3. Reduction of barriers to responsible innovation

  • One of the proposals in the Government’s Consultation is to create an exhaustive list of processing activities for which organisations can rely upon the legitimate interests lawful ground without the need to conduct a balancing test to determine if the rights and freedoms of data subjects override the interests of a business in processing data. The ICO is of the view that the proposal is not eradicating the requirement to perform the balancing test, instead, the Government will be responsible for conducting the test on behalf of businesses. As such, if the Government is going to make this change, the ICO's position is that the Government would need to set very clear parameters and outline the nature, context and detail of the processing, as these will be relevant to the assessment. The ICO is concerned that the processing activities provided in the Consultation that can benefit from this exemption are too broad and do not provide the required certainty.
  • The ICO disagrees with the Government’s proposal to expunge the requirement for human oversight in respect of automated decision-making. It believes that the right not to be subject to a decision based solely on automated processing is important to ensure that any automated decisions are made fairly and, more importantly, maintain public trust. Instead, the ICO recommends providing human reviewers with information and skills that will enable them to effectively scrutinise decisions made by artificial intelligence or other automated systems.

4. Delivery of better public services

  • The ICO is against the Government’s proposal to allow public and private organisations to lawfully process health data for reasons of substantial public interest during public health or other emergencies, without such processing being overseen by healthcare professionals or being undertaken under a duty of confidentiality. Whilst it agrees that it may be excessive to expect healthcare professionals to oversee the processing of health data at all times, it believes that the individuals processing such sensitive data must at the very minimum be obliged to do so under a duty of confidentiality. 
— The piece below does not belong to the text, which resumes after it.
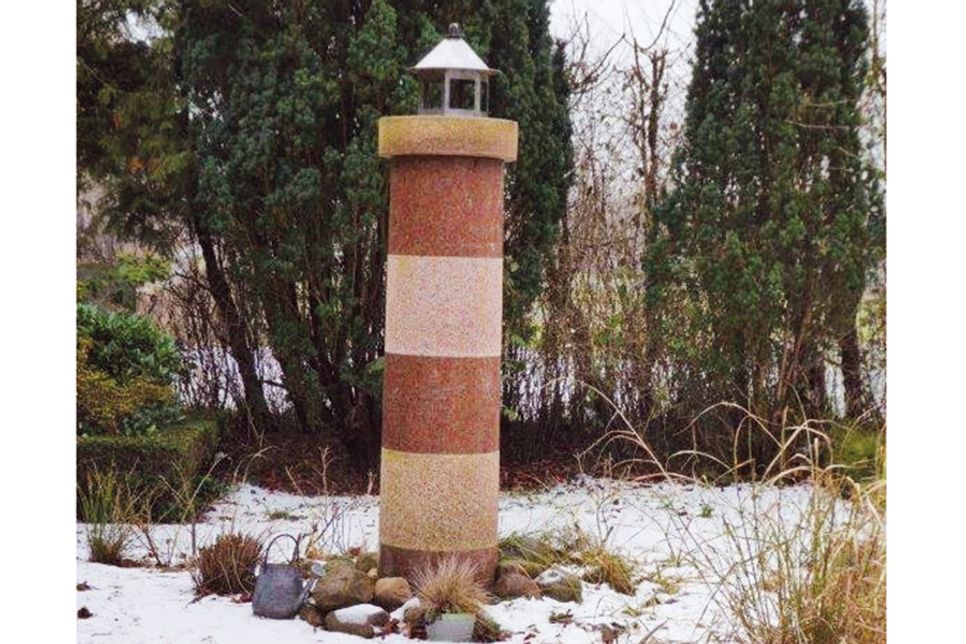 Friedhof Niendorf/Ostsee: Ein Leuchtfeuer für die Grabanlage „Am Leuchtturm“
5. Reform of the Information Commissioner's Office

  • The ICO strongly disagrees with the Government’s proposal for the Secretary of State to appoint the CEO of the ICO in a revised regulatory structure and to approve the ICO's guidance before it becomes effective. The ICO believes that this will adversely affect the independence of the ICO, which is imperative for it to hold the Government to account. The ICO believes that a strong and effective regulator is essential to maintaining high data protection standards in the UK and maintaining the public's trust and confidence in those standards. These standards also contribute to an increase in international trade. Therefore, any reforms proposed should also always be assessed against their impact on how data will flow between different jurisdictions.

As is evident from the ICO’s response, and highlighted in our previous legal alert, one of the most critical risks associated with any changes to the UK’s data protection legislation relates to the UK’s adequacy status with the EU. The Consultation may prove that the high data protection standards maintained by the UK are more valuable to businesses and more beneficial to the UK’s economy than any loosening of restrictions on the use of data. The UK Government may be persuaded to take a more cautious approach to its reforms to the UK's data protection regime in light of the importance placed on the UK’s international status as a country that values the protection of personal data.